A Card from Morocco
- First edition (UK)
- Author: Robert Shaw
- Cover artist: Val Biro
- Language: English
- Publisher: Chatto & Windus (UK) Harcourt Brace (US)
- Publication date: 1969
- Publication place: United Kingdom
- Media type: Print (Hardback & Paperback)
- Pages: 182 pp
- ISBN: 0-7011-1475-4
- OCLC: 27556
- Dewey Decimal: 823/.9/14
- LC Class: PZ4.S536 Car3 PR6009.H39
- Preceded by: The Man in the Glass Booth

= A Card from Morocco =

1969 novel by Robert Shaw

A Card from Morocco is a novel written by author and actor Robert Shaw. It was published in 1969. A Card from Morocco was the final novel in a trilogy, having been preceded by The Flag (1965) and The Man in the Glass Booth (1967).
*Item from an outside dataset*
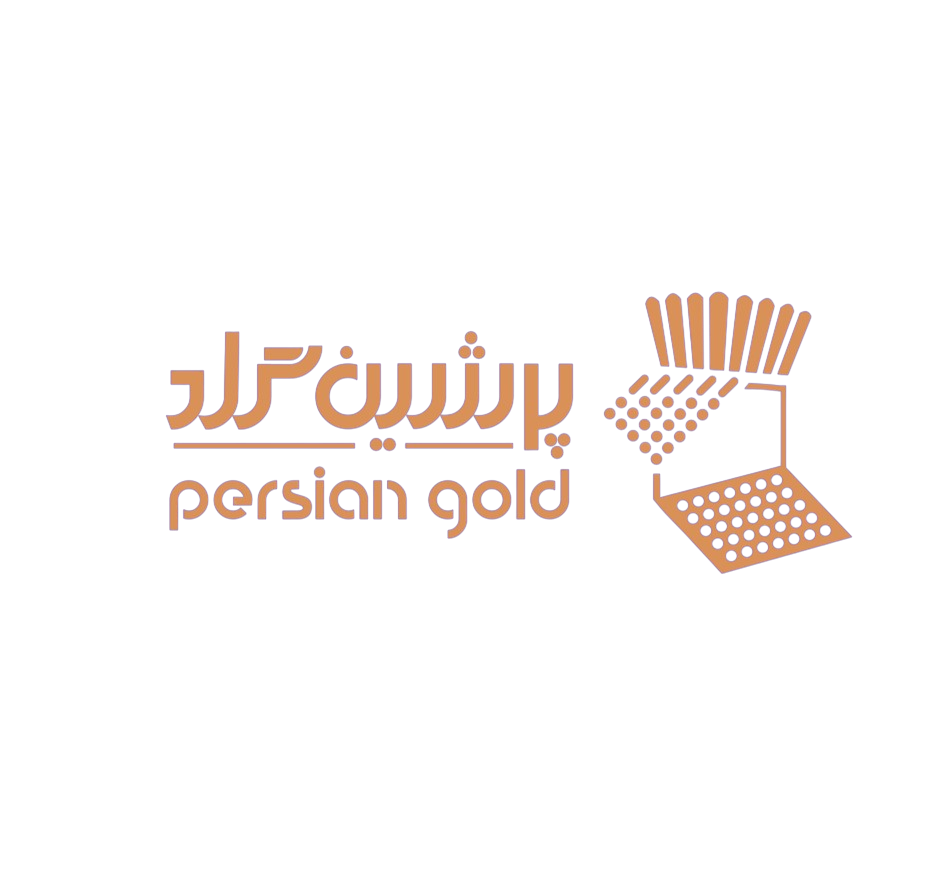 پـرشـین گــلد _فروش لـپ تاپ و تـامیـن قطعـات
It concerns Arthur Lewis and Patrick Slattery, two drinking companions self-exiled from society, and their various misadventures through Spain as they both engage in bragging and self destructive behavior.

==Reception==
A review in Kirkus thought that Shaw had "created as persuasively interesting a pair of drunks as ever staggered across a printed page." Writing for The New York Times, Guy Davenport felt that the author's "skill as a novelist is evident in his giving himself minimal advantages and an elegantly closed system with which he has nevertheless constructed a tense, sharply-controlled story."